[llvm] r310269 - AMDGPU: Use a custom areInlineCompatible
Matt Arsenault via llvm-commits
llvm-commits at lists.llvm.org
Mon Aug 7 10:08:44 PDT 2017
Author: arsenm
Date: Mon Aug 7 10:08:44 2017
New Revision: 310269
URL: http://llvm.org/viewvc/llvm-project?rev=310269&view=rev
Log:
AMDGPU: Use a custom areInlineCompatible
Fixes not inlining OpenCL library functions on AMDGPU,
which don't have an explicitly set target-cpu.
Added:
llvm/trunk/test/Transforms/Inline/AMDGPU/
llvm/trunk/test/Transforms/Inline/AMDGPU/inline-target-cpu.ll
llvm/trunk/test/Transforms/Inline/AMDGPU/lit.local.cfg
Modified:
llvm/trunk/lib/Target/AMDGPU/AMDGPUTargetTransformInfo.cpp
llvm/trunk/lib/Target/AMDGPU/AMDGPUTargetTransformInfo.h
Modified: llvm/trunk/lib/Target/AMDGPU/AMDGPUTargetTransformInfo.cpp
URL: http://llvm.org/viewvc/llvm-project/llvm/trunk/lib/Target/AMDGPU/AMDGPUTargetTransformInfo.cpp?rev=310269&r1=310268&r2=310269&view=diff
==============================================================================
--- llvm/trunk/lib/Target/AMDGPU/AMDGPUTargetTransformInfo.cpp (original)

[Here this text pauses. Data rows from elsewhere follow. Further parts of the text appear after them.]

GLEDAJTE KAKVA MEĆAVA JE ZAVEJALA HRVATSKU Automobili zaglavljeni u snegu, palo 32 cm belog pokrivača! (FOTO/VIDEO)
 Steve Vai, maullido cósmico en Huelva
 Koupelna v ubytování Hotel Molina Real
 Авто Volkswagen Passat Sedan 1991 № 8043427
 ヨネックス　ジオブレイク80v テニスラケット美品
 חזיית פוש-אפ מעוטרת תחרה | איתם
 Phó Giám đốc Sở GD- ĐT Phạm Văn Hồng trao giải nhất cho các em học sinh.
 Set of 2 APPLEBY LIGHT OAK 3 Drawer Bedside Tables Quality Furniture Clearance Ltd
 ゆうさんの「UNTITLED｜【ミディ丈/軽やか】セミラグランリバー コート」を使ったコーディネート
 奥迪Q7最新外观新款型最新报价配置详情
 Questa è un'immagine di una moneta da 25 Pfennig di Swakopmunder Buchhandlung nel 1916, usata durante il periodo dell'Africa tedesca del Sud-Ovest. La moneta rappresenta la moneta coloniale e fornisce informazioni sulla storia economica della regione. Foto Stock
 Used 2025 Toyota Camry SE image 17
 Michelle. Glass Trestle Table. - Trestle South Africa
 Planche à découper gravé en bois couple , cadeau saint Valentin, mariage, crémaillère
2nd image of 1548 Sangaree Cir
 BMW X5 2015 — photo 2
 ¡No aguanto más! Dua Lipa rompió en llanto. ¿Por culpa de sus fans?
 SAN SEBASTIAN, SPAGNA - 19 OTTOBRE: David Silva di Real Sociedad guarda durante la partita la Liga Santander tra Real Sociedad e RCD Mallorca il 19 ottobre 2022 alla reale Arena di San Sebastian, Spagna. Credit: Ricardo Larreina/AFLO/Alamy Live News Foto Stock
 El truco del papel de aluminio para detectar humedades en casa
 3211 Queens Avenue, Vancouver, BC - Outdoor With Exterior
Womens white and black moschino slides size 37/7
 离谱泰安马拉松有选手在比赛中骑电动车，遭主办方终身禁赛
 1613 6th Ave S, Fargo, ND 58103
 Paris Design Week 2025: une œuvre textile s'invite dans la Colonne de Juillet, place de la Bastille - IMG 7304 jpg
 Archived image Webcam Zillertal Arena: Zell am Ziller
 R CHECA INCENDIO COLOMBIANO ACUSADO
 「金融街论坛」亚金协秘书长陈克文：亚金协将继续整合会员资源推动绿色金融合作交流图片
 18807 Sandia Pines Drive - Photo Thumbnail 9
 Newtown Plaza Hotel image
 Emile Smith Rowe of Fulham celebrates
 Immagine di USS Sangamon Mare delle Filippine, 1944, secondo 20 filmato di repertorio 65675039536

+++ llvm/trunk/lib/Target/AMDGPU/AMDGPUTargetTransformInfo.cpp Mon Aug 7 10:08:44 2017
@@ -534,3 +534,16 @@ unsigned AMDGPUTTIImpl::getShuffleCost(T
return BaseT::getShuffleCost(Kind, Tp, Index, SubTp);
}
+
+bool AMDGPUTTIImpl::areInlineCompatible(const Function *Caller,
+ const Function *Callee) const {
+ const TargetMachine &TM = getTLI()->getTargetMachine();
+ const FeatureBitset &CallerBits =
+ TM.getSubtargetImpl(*Caller)->getFeatureBits();
+ const FeatureBitset &CalleeBits =
+ TM.getSubtargetImpl(*Callee)->getFeatureBits();
+
+ FeatureBitset RealCallerBits = CallerBits & ~InlineFeatureIgnoreList;
+ FeatureBitset RealCalleeBits = CalleeBits & ~InlineFeatureIgnoreList;
+ return ((RealCallerBits & RealCalleeBits) == RealCalleeBits);
+}
Modified: llvm/trunk/lib/Target/AMDGPU/AMDGPUTargetTransformInfo.h
URL: http://llvm.org/viewvc/llvm-project/llvm/trunk/lib/Target/AMDGPU/AMDGPUTargetTransformInfo.h?rev=310269&r1=310268&r2=310269&view=diff
==============================================================================
--- llvm/trunk/lib/Target/AMDGPU/AMDGPUTargetTransformInfo.h (original)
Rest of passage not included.